Exercise brief: When you find the line with "XTAR SN4 Camera" among the records below, reproduce it and each line after it exactly, ending with the line with "Pizza-Set mit Pizzabrett, 3-teilig, Schneider".

Listed records:
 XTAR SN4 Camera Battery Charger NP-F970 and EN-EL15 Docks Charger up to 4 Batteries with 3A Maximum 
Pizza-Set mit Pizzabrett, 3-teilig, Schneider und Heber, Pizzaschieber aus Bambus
--
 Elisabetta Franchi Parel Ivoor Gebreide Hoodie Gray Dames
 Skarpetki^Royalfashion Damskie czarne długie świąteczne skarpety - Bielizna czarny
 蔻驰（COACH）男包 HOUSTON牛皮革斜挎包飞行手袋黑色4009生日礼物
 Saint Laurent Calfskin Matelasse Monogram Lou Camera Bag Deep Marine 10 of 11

Solution:
 XTAR SN4 Camera Battery Charger NP-F970 and EN-EL15 Docks Charger up to 4 Batteries with 3A Maximum 
Pizza-Set mit Pizzabrett, 3-teilig, Schneider und Heber, Pizzaschieber aus Bambus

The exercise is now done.